BJP looks for more allies, woos Muslims to reinvent self
Once it was called a party with a difference. Historically, the BJP and its predecessor/associated outfits gained strength in India as an alternative to the Congress, which is quite unlike several other parties that dot the nation's political landscape. But today, quite ironically, it is trying to win more allies and even wooing Muslims.
From just two MPs in the early 1980s, the BJP and RSS associates like the VHP went on adding to their strength in India's heartland, thanks to a brilliant utilisation of religious symbolism that succeeded in shaping public opinions decisively in its favour.

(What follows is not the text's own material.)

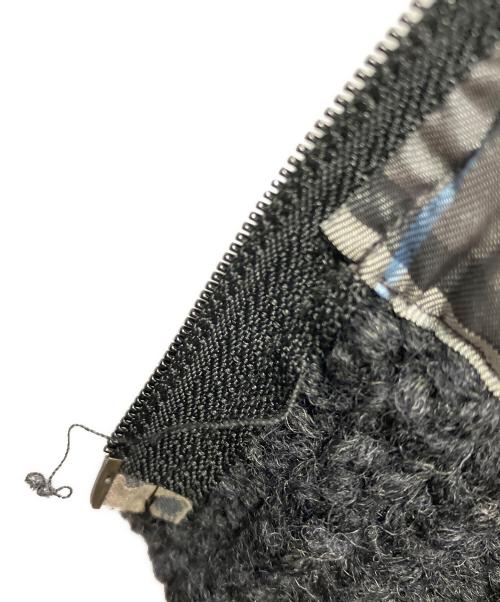 BURBERRY BLACK LABEL（バーバリーブラックレーベル）BURBERRY BLACK LABEL (バーバリーブラックレーベル) ニットジャケット ブラック サイズ:２の古着・服飾アイテム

The party skillfully built on the Congress's gradual decay in several parts of the country and the disappearance of Indira Gandhi and soft communal card played by her successor Rajiv Gandhi gave a golden opportunity to the saffron party to spread its wings. The BJP's remarkable growth in the early 1990s (the party did exceedingly well in the 1991 elections) had given birth to a new dimension in Indian politics then.
BJP's formula to grow will not work today
The equation was simple for the saffron party: The Congress can not overtly play a communal card for it has been known as a secular party since the days of Gandhis and Nehrus. In terms of economic ideology, there was nothing new that the BJP could do for given the closed economy and the pre-liberal mindset prevailing at that time, economic nationalism did not have a ready alternative. Hence, the only way out for the BJP to prove that it was different from the decaying Congress was to promote an identity politics based on Hindutva.
Hindutva has lost its edge
But this very advantage of the BJP has also been one of its main disadvantage. The party, although, succeeded in drawing upper castes and backward classes in its fold, it could not mobilise the SCs and STs as per its expectation while the minority vote-bank always remained an alien territory for the party.
The vacuum created as a result of the Congress's decay in a key state like Uttar Pradesh has been filled up more by Samajwadi Party and Bahujan Samaj Party and not the BJP. The saffron party has not reaped the benefit of Hindutva much in the recent years in UP, even though it may sound paradoxical. Today's changed socio-economic circumstances have also reduced the appeal of Hindutva to the common people.
Economic Policy: BJP will also go the same way
In the post-liberalisation era too, the BJP knows very well that opposing globalisation, despite calls for economic nationalism, will bear no fruit. The NDA government had opted for liberal measures during its days in power in the late 1990s and early 2000s and no matter how much the current main opposition party slam the Congress-led UPA over FDI in retail or diesel price hike, it will follow the same route if they win the next election and come to power again.
With the once-sharp weapon called Hindutva losing its edge, it became difficult for the BJP to find a common cause to hold its organisation strong. During the Vajpayee era, the moderate leadership gave the party a popularity although even that could not save it from facing a defeat in the 2004 polls.